## [RECORDS FOR THE EXERCISE]

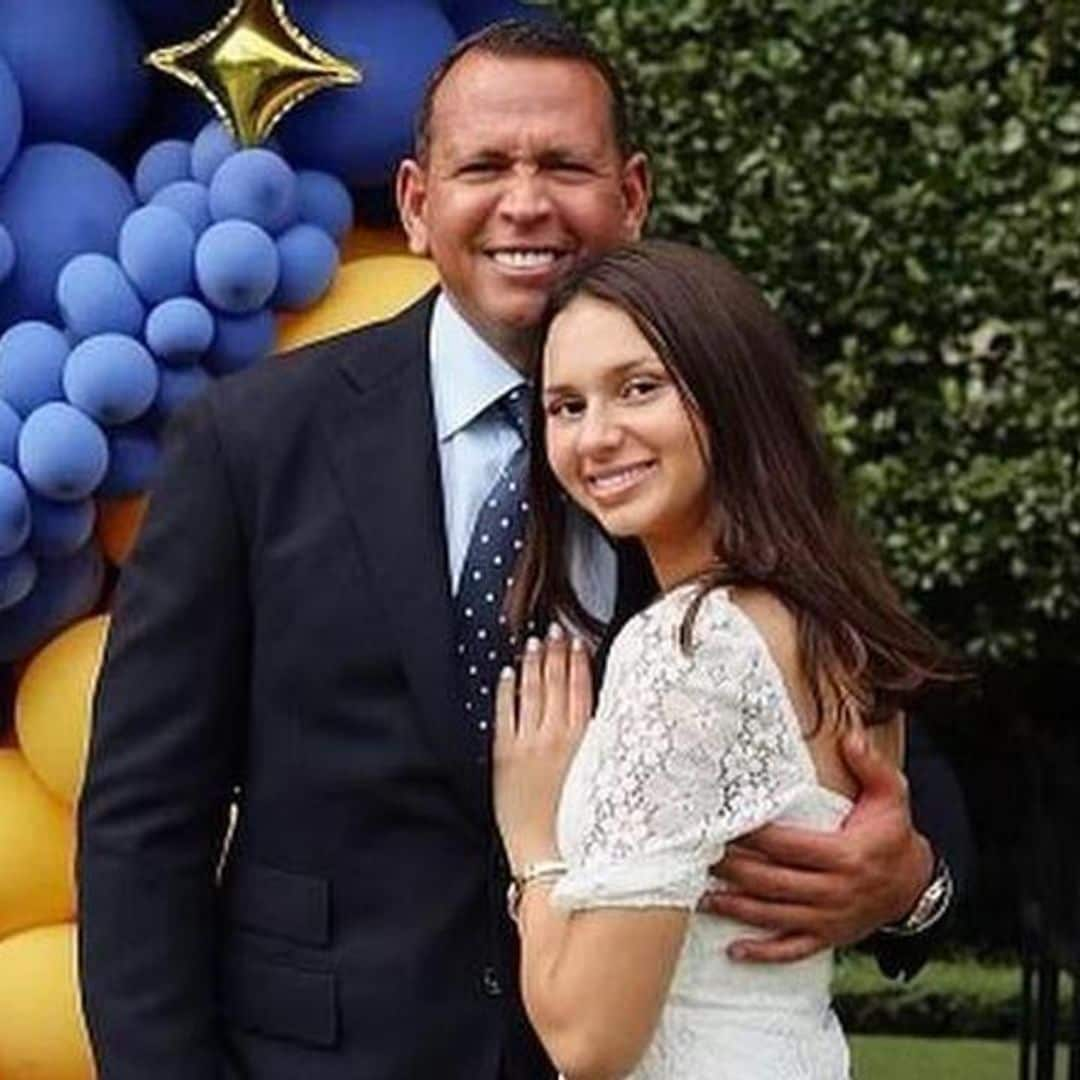 Alex Rodriguez visits his daughter in college and gets stuck doing chores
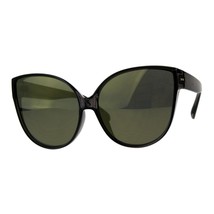 Oversized Butterfly Sunglasses Women&#39;s Designer Fashion Mirror Lens - £14.78 GBP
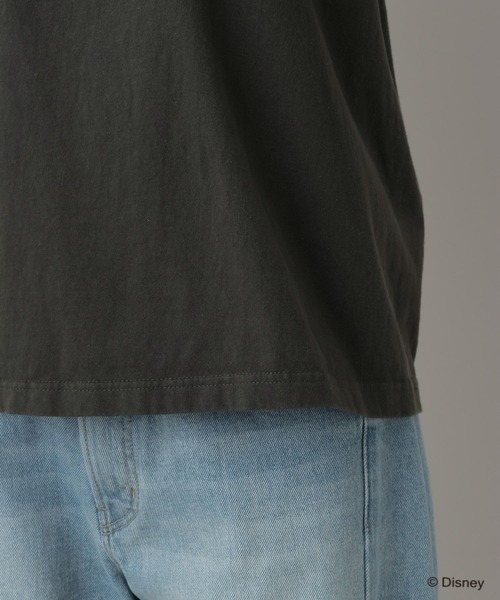 A part by（アパートバイ）の「【別注】MICKEYMOUSE_TEE（Tシャツ/カットソー・レディース・チャコールグレー/オフホワイト・FREE）」の21枚目の写真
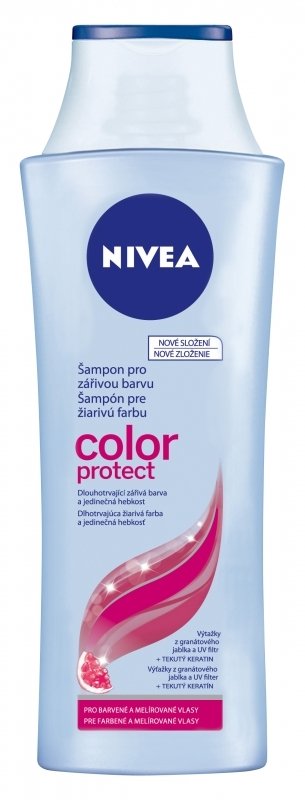 Nivea Šampon pro zářivou barvu Color Protect, 69 Kč, koupíte v síti drogerií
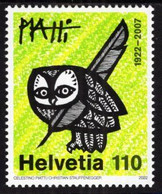 Switzerland - 2022 - Celestino Piatti, Swiss Artist - Birth Centenary - Mint Stamp - Ungebraucht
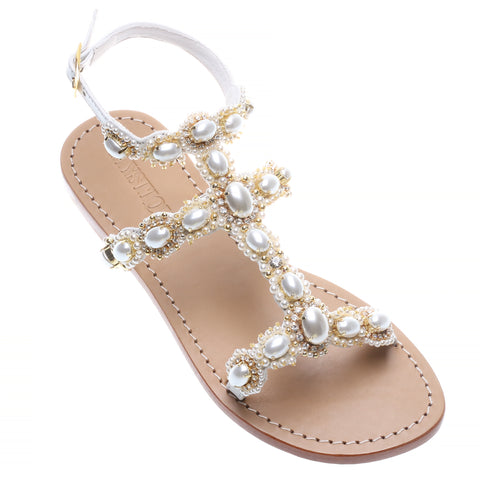 Handmade Bridal Flat & Wedge Leather Sandals | Mystique Sandals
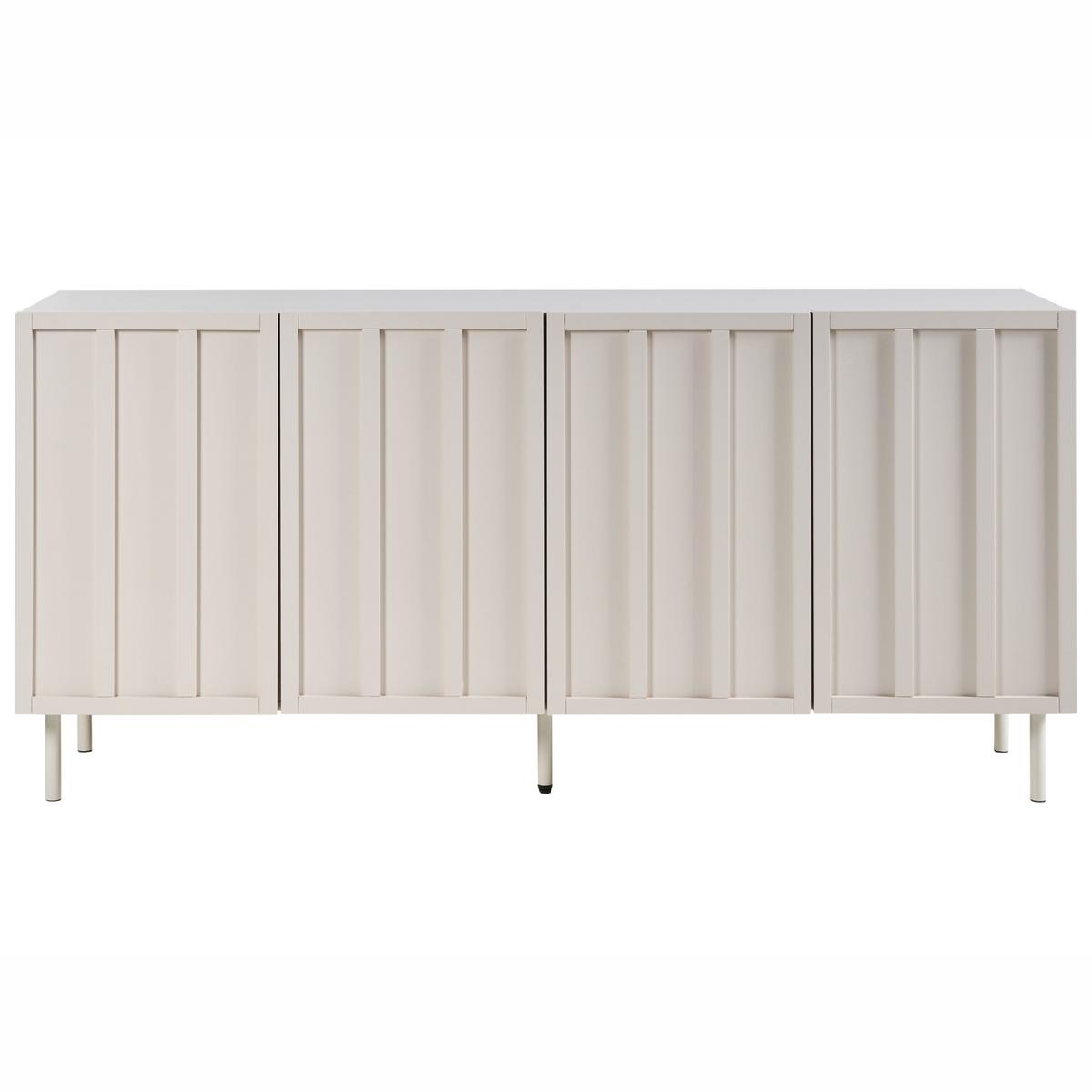 SIDEBOARD Hellbeige Clunes - Beige, Holzwerkstoff (160/75/38cm) - Beliani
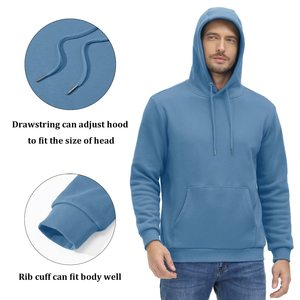 Felpe con <span class=keywords><strong>Cappuccio</strong></span> Invernali da Uomo, Felpe a Maniche Lunghe Casual, Felpe per Fitness e Allenamento - Product Image 2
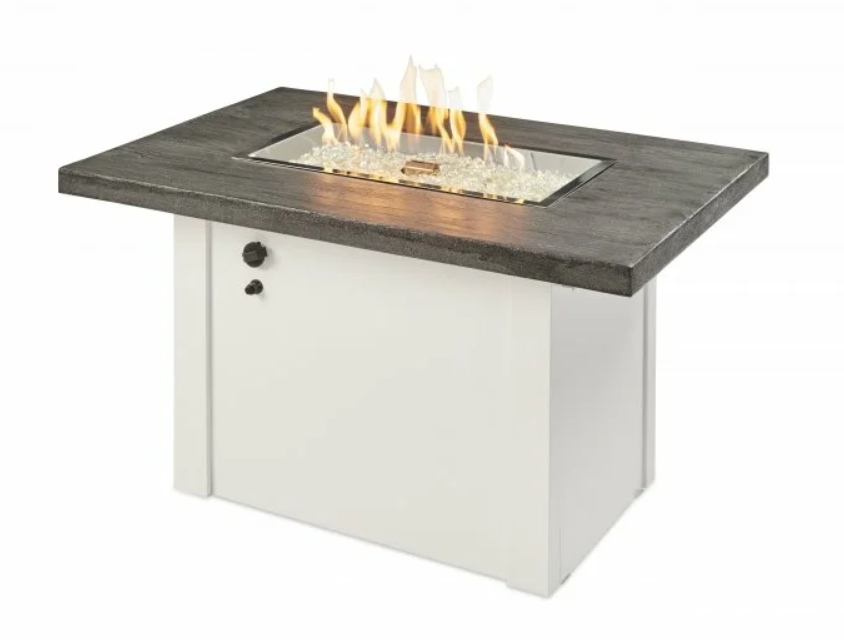 The Outdoor Greatroom | Havenwood Rectangular Gas Fire Pit Table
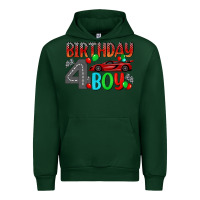 Forest Green birthday boy 4 Urban Hoodie - BundleAndBundleShop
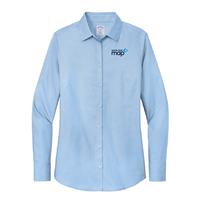 Ladies BB Dress Shirt, Newport Blue, XL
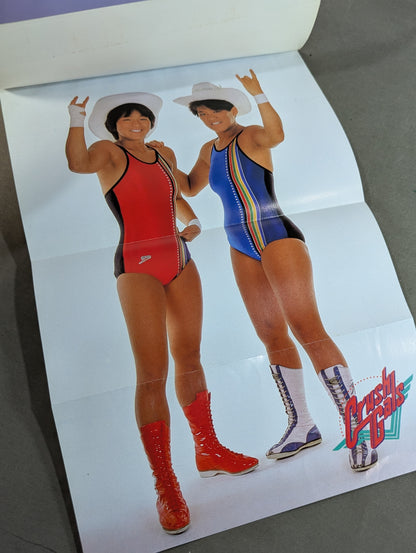 Throwing a kiss in the ring Women's Pro Wrestling 30th Anniversary Exciting Graffiti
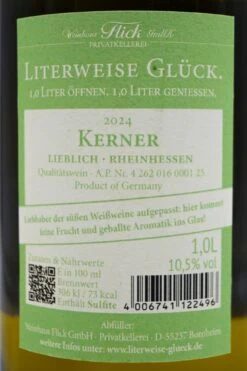 Weinhaus Flick - KERNER Lieblich Literweise Glück 14 Weinhaus Flick - KERNER Lieblich Literweise Glück -Der-Schnapsstodl FlickKerner3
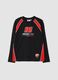 Black pure cotton Ducati-themed T-shirt, relaxed fit_0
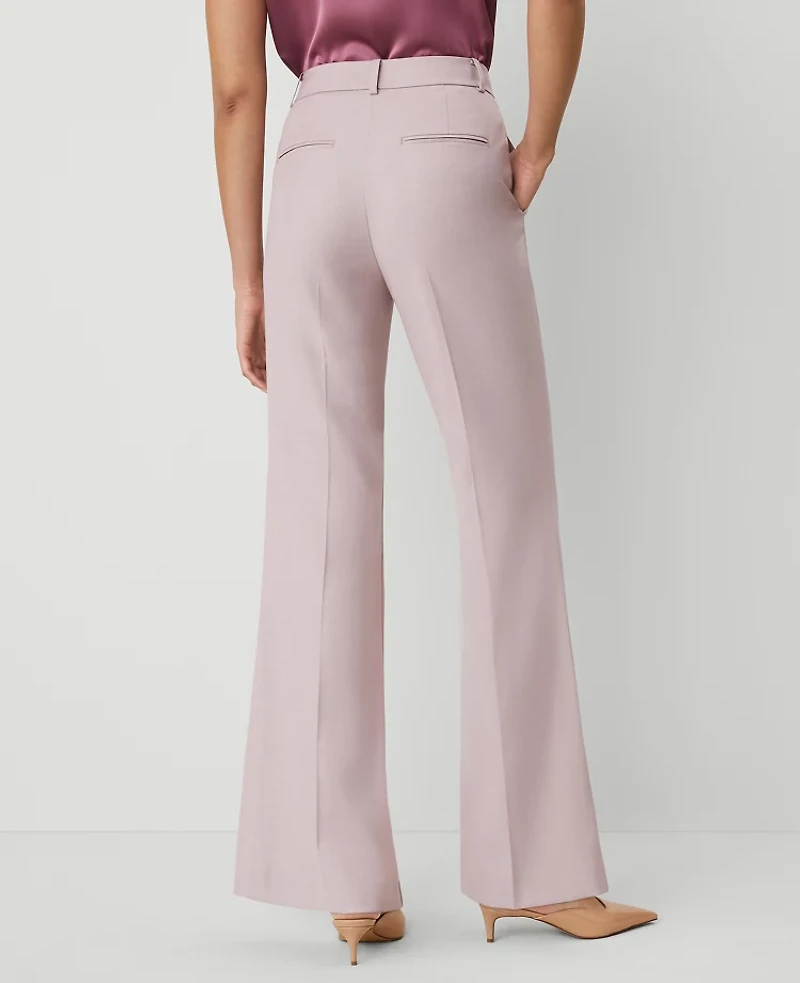 Ann Taylor The Petite Flare Trouser Pant Size 00 Rosy Mauve Women's
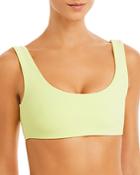 Jade Swim Rounded Edges Scoop Bikini Top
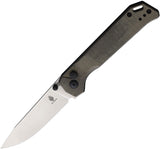 Kizer Cutlery Begleiter 2 Pocket Knife Button Lock Green Micarta Folding 154CM 4458BC1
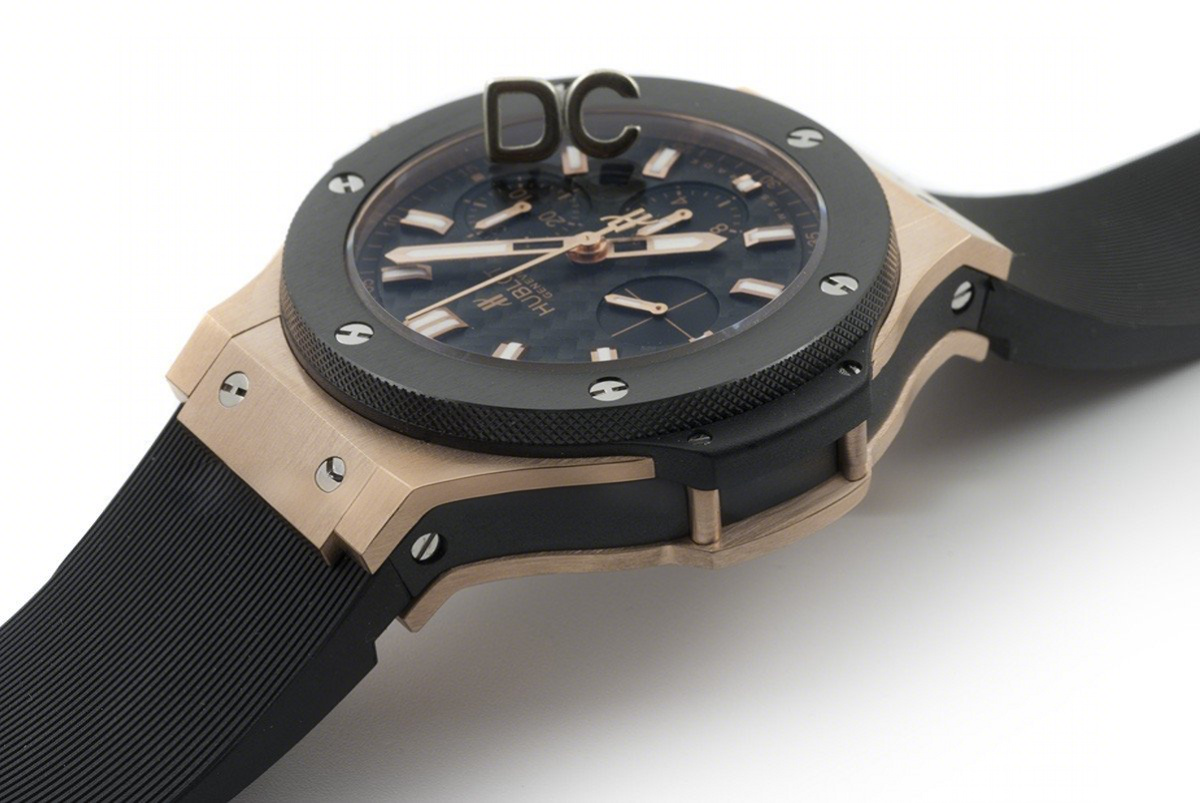 Hublot Big Bang Chronograph Carbon Fibre Dial in Rose Gold-fasswatch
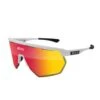 Occhiali Scicon Aerowing Bianco Lucido Lente Multimirror Rosso 1 Occhiali Scicon Aerowing Bianco Lucido Lente Multimirror Rosso -Ricambi Bici Pro aerowat
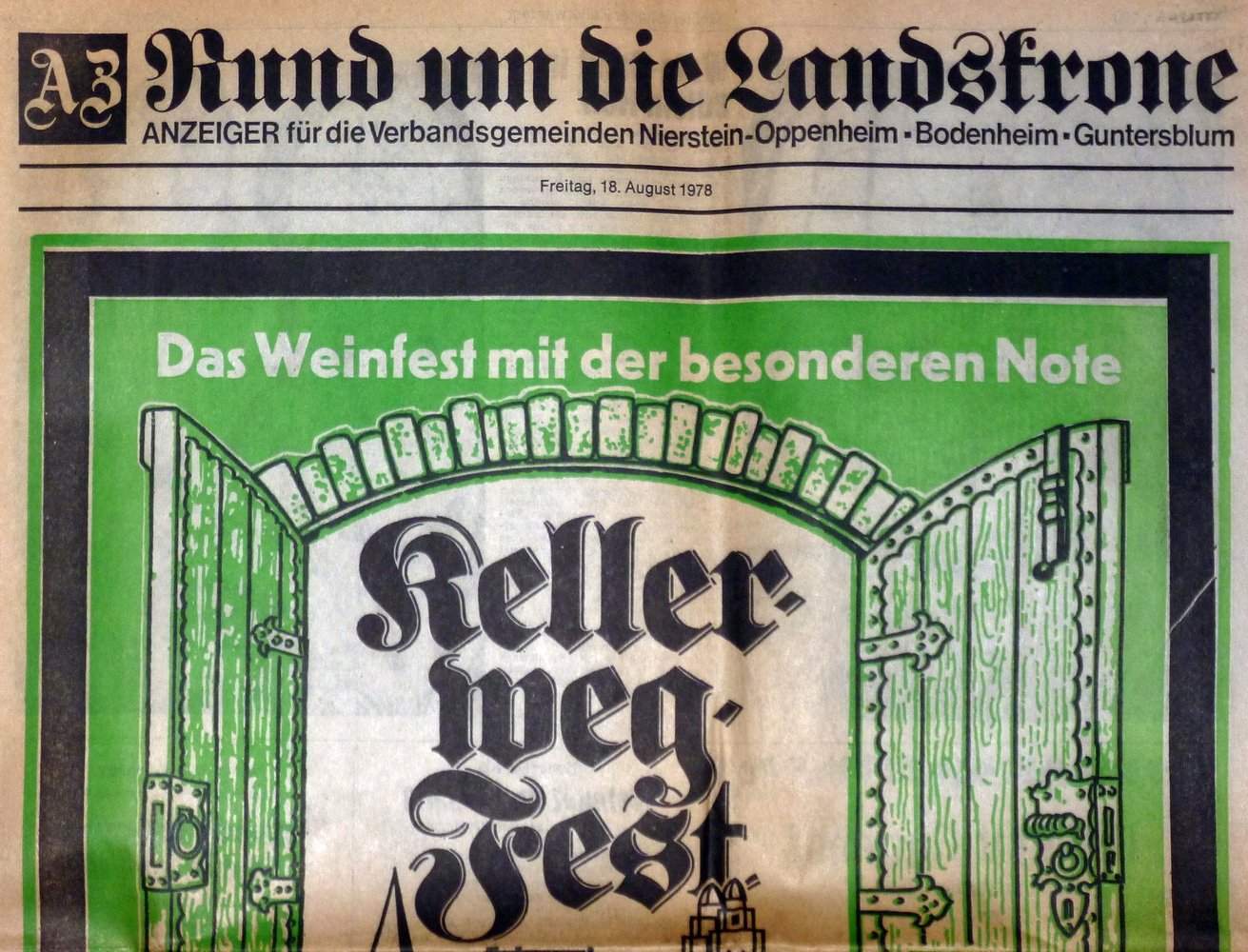 Historische Aufnahme — Feste in Guntersblum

## [WHAT YOU HAVE TO DO]
From the records above, quote word for word only the lines beginning at the line that has "Ladies BB Dress Shirt, Newport Blue, XL" and stopping after the line that has "Weinhaus Flick - KERNER Lieblich Literweise Glück 14". Omit the pictures.

## [SOLVED PROBLEM]
 Ladies BB Dress Shirt, Newport Blue, XL
 Throwing a kiss in the ring Women's Pro Wrestling 30th Anniversary Exciting Graffiti
 Weinhaus Flick - KERNER Lieblich Literweise Glück 14 Weinhaus Flick - KERNER Lieblich Literweise Glück -Der-Schnapsstodl FlickKerner3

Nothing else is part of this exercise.